Our first morning was a wonderful introduction to the birds of western Mexico. The highlight of the morning had to be the Black-throated Magpie-Jays. A couple of flocks screamed at us as they passed through. The Russet-crowned Motmot was more reserved and simply came out to see us after a little prompting. Blue and Varied buntings foraged along the roadside, sometimes popping out to give us a view.

After great looks at some new birds, we headed to Hacienda el Divisadero for a filling lunch. The Ivory-billed Woodcreeper was the highlight, as it hitched up the giant fig in the middle of the courtyard. The Hacienda is a new establishment, but built with great care and workmanship to evoke the elegant haciendas of earlier centuries. We spent this afternoon on the ranch where most folks got great looks at the Rosy Thrush-Tanager.

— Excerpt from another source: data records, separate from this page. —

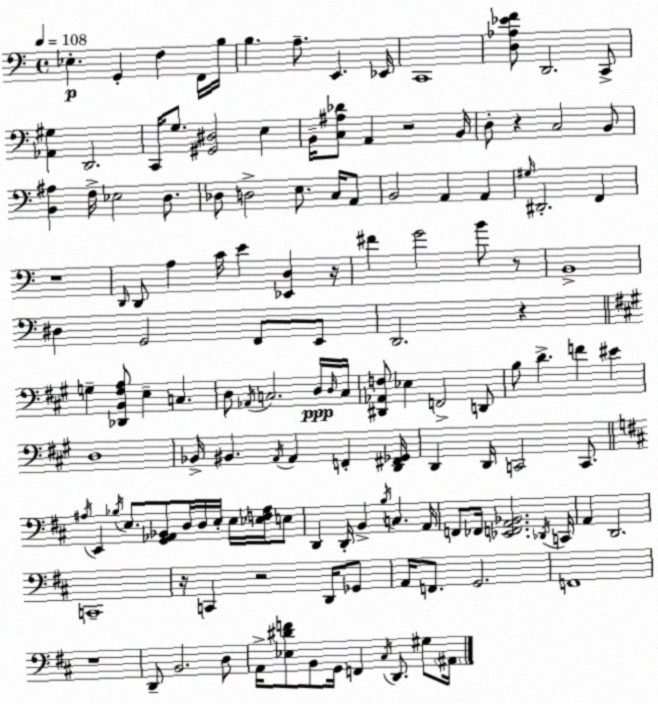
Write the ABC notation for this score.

X:1
T:Untitled
M:4/4
L:1/4
K:C
_E, G,, F, F,,/4 B,/4 B, A,/2 E,, _E,,/4 C,,4 [D,_A,_EF]/2 D,,2 C,,/2 [_A,,^G,] D,,2 C,,/4 G,/2 [^G,,^D,]2 E, B,,/4 [C,^A,_D]/2 A,, z2 B,,/4 D,/2 z C,2 B,,/2 [B,,^A,] F,/4 _E,2 D,/2 _D,/2 D,2 E,/2 C,/4 A,,/2 B,,2 A,, A,, ^G,/4 ^D,,2 F,, z4 D,,/4 D,,/2 A, C/4 E [_E,,D,] z/4 ^F G2 B/2 z/2 B,,4 ^D, G,,2 F,,/2 E,,/2 D,,2 z G, [_D,,B,,^F,A,]/2 E, C, D,/2 _A,,/4 C,2 D,/4 D,/4 C,/4 [^D,,_A,,F,]/2 _E, F,,2 D,,/2 B,/2 D F ^E D,4 _B,,/4 ^B,, A,,/4 A,, F,, [D,,^F,,_G,,]/4 D,, D,,/4 C,,2 C,,/2 ^A,/4 E,, _B,/4 E,/2 [G,,_A,,_B,,]/2 D,/4 D,/4 E,/4 E,/4 [_E,F,^A,]/4 E,/2 D,, D,,/4 B,, B,/4 C, A,,/4 F,,/2 _F,,/4 [_E,,F,,A,,_B,,]2 _D,,/4 C,,/4 A,, D,,2 C,,4 z/4 C,, z2 D,,/4 _G,,/2 A,,/4 F,,/2 G,,2 F,,4 z4 D,,/2 B,,2 D,/2 A,,/4 [_E,^DF]/2 B,,/2 G,,/4 F,, ^C,/4 D,,/2 ^G,/2 ^A,,/4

During our stay at Rancho Primavera we made several trips to other habitats. We visited the thorn forest and its endemic-rich avifauna, the pines and oaks of La Bascula, the rich agricultural and marshy areas of Cruz de Loreto, the mangroves and estuaries of the coast and, of course, the forest, pasture, and ponds of Rancho Primavera. The fruiting fig trees are one of the highlights of any Rancho Primavera visit. This year, one tree along the entrance road was in fruit. On our first afternoon this tree hosted a pile of Rufous-backed Robins and a few White-throated Robins, as well as tanagers, orioles, flycatchers, and kingbirds. Dodie found our Red-breasted Chat, a prize of the thorn forest. Not to be outdone, the Orange-breasted Buntings put on a show too. Flammulated Flycatcher was another endemic that popped out for us during a stop which was intended for Nutting’s Flycatcher. Our first Citreoline Trogon was in a fruiting fig at a little side road.

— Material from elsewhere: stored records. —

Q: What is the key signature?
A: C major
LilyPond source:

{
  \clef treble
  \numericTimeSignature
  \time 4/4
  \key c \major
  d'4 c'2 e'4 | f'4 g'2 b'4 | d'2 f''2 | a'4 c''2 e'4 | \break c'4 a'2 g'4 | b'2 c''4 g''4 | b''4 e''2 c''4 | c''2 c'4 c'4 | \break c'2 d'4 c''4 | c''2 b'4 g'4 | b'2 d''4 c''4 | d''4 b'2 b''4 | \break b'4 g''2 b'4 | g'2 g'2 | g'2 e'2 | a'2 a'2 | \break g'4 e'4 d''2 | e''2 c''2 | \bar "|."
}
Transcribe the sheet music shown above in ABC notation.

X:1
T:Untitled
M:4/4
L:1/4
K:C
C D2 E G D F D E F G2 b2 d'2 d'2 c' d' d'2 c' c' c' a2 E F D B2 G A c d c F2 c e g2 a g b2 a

After our thorn forest birding we enjoyed a long, leisurely lunch at Tehua. Then we were off to Aquiles Serdan and a small estuary there. The Collared Plovers were running around on the sand as expected. In the town, just past the soccer fields, there was a color-banded Least Sandpiper running around with the other shorebirds. I haven't tracked its origin yet, but I will keep you informed.

In the pines and oaks it took two mornings, but we finally got all the good birds. The highlight had to be on our second morning when a female Sparkling-tailed Hummingbird was gnatting in the early morning sun. Also on day two in the pines was a male Gray-collared Becard. Coming more easily on day one were Gray-crowned Woodpecker, Spotted Wren, Black-headed Siskin, White-striped Woodcreeper, and a Blue Mockingbird. Down in the hot country of Cruz de Loreto we had an amazing encounter with a Bare-throated Tiger-Heron, which eventually tolerated our presence to allow for great scope views. Roadside Hawk and Mangrove Swallows made the list down in Cruz de Loreto.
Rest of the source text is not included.